E ela? Eu pensava muitas vezes nela, a mulher com quem casara antes da viagem para parte incerta e por razões desconhecidas. Ela que era uma jovem alegre e bonita como dizia a minha avó e se viu transformada em sombra, sem vida, nem própria nem alheia, com uma grilheta a um morto-vivo que o destino colocou na sua vida, um morto-vivo que ela primeiro adorara e depois aprendera a suportar como vingança da vida por qualquer coisa que ela fizera mal e que não fazia ideia do que seria.
Eram dois caminhos perdidos por onde a vida não passava à décadas.

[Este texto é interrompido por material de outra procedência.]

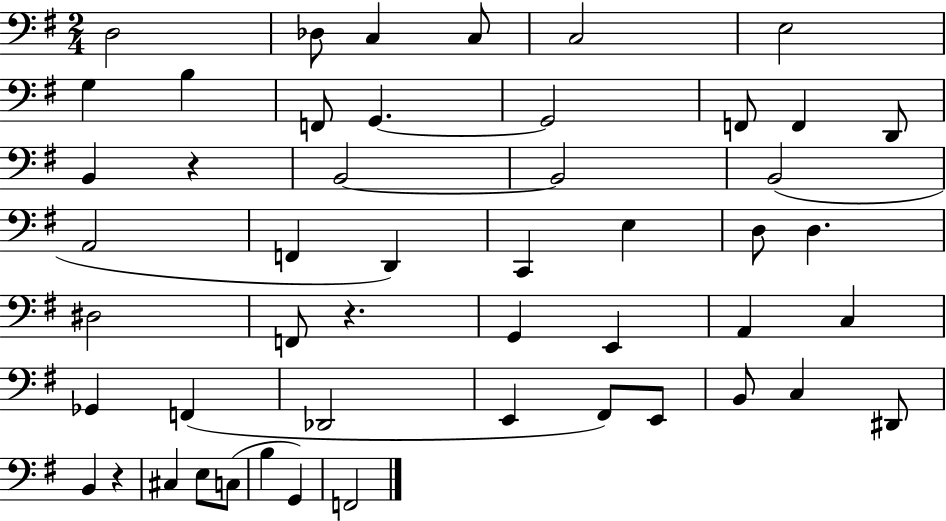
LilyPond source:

{
  \clef bass
  \numericTimeSignature
  \time 2/4
  \key g \major
  \repeat volta 2 { d2 | des8 c4 c8 | c2 | e2 | \break g4 b4 | f,8 g,4.~~ | g,2 | f,8 f,4 d,8 | \break b,4 r4 | b,2~~ | b,2 | b,2( | \break a,2 | f,4 d,4) | c,4 e4 | d8 d4. | \break dis2 | f,8 r4. | g,4 e,4 | a,4 c4 | \break ges,4 f,4( | des,2 | e,4 fis,8) e,8 | b,8 c4 dis,8 | \break b,4 r4 | cis4 e8 c8( | b4 g,4) | f,2 | \break } \bar "|."
}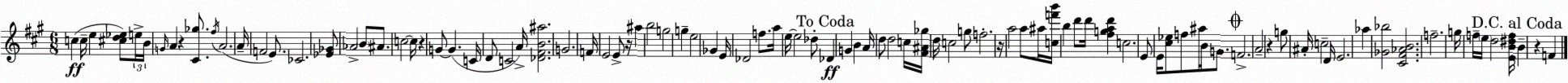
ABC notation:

X:1
T:Untitled
M:6/8
L:1/4
K:A
c c/4 e [^cd_e]/2 e/4 B/4 G/4 A z [^C_g]/2 ^f/4 A2 A/4 F2 E/2 _C2 [_E_G]/2 _A2 B/2 ^A/2 c2 c/4 z G/2 G C/4 D/2 C2 A/4 [_D^FB^a]2 G2 F/4 E2 E/2 z/4 ^a b2 g2 g e2 _G E/4 _D2 f/2 a/4 e/4 e2 _d/2 _D G B A/4 d/2 d2 c/4 [^F^A_g]/4 d/4 c2 g/2 f2 z/4 a2 a/2 ^a/4 [cf'b']/4 b d'/2 d'/4 [^fgad'] c2 E/2 E/4 [^c_e]/2 f/2 ^a/4 B/4 G/2 F2 A2 z g/2 ^A/4 c2 D/4 E2 _a [_G_b]2 [^C^F_AB]2 f2 g/4 f/4 e/4 d2 [EB^df]/4 B z F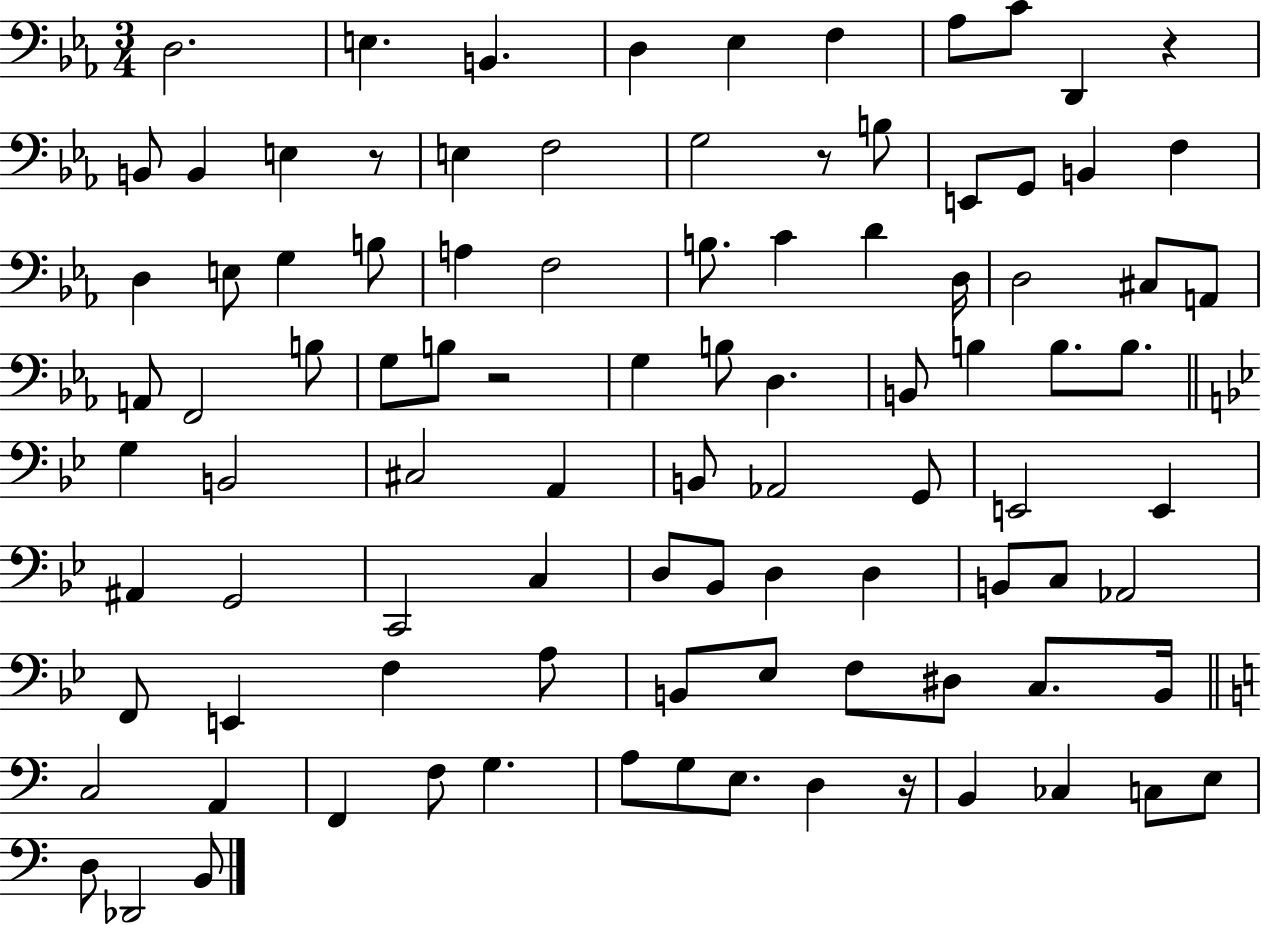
X:1
T:Untitled
M:3/4
L:1/4
K:Eb
D,2 E, B,, D, _E, F, _A,/2 C/2 D,, z B,,/2 B,, E, z/2 E, F,2 G,2 z/2 B,/2 E,,/2 G,,/2 B,, F, D, E,/2 G, B,/2 A, F,2 B,/2 C D D,/4 D,2 ^C,/2 A,,/2 A,,/2 F,,2 B,/2 G,/2 B,/2 z2 G, B,/2 D, B,,/2 B, B,/2 B,/2 G, B,,2 ^C,2 A,, B,,/2 _A,,2 G,,/2 E,,2 E,, ^A,, G,,2 C,,2 C, D,/2 _B,,/2 D, D, B,,/2 C,/2 _A,,2 F,,/2 E,, F, A,/2 B,,/2 _E,/2 F,/2 ^D,/2 C,/2 B,,/4 C,2 A,, F,, F,/2 G, A,/2 G,/2 E,/2 D, z/4 B,, _C, C,/2 E,/2 D,/2 _D,,2 B,,/2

Pelo meu lado, sentia uma enorme pena dela, vontade de chorar quando lhe via os olhos sempre lacrimejantes, as rugas tão profundas como tristes e por várias vezes deixei mesmo as lágrimas cair quando ela se punha na cozinha e dizia que ia fazer certos cozinhados porque eram os favoritos dele. Dava-lhe de comer e ele sorria, ela retribuia e nos sorrisos havia palavras que me escapavam.
Um dia recebemos um telefonema a dizer que o Tio Raposo morrera. Apesar de o ver poucas vezes e sempre naquele ambiente lúgubre, senti que o mundo, pelo menos o meu mundo, perdera um herói.
Comovente, como tu sabes comover. O herói encontrou a cronista. É tão necessário virem a público estas coisas. Não trazes apenas a sua história, dás um exemplo de contar, és sua representante.
ResponderEliminarSe o âncoras serve para trazer a terreiro estas histórias e a vontade de contar, vale a pena.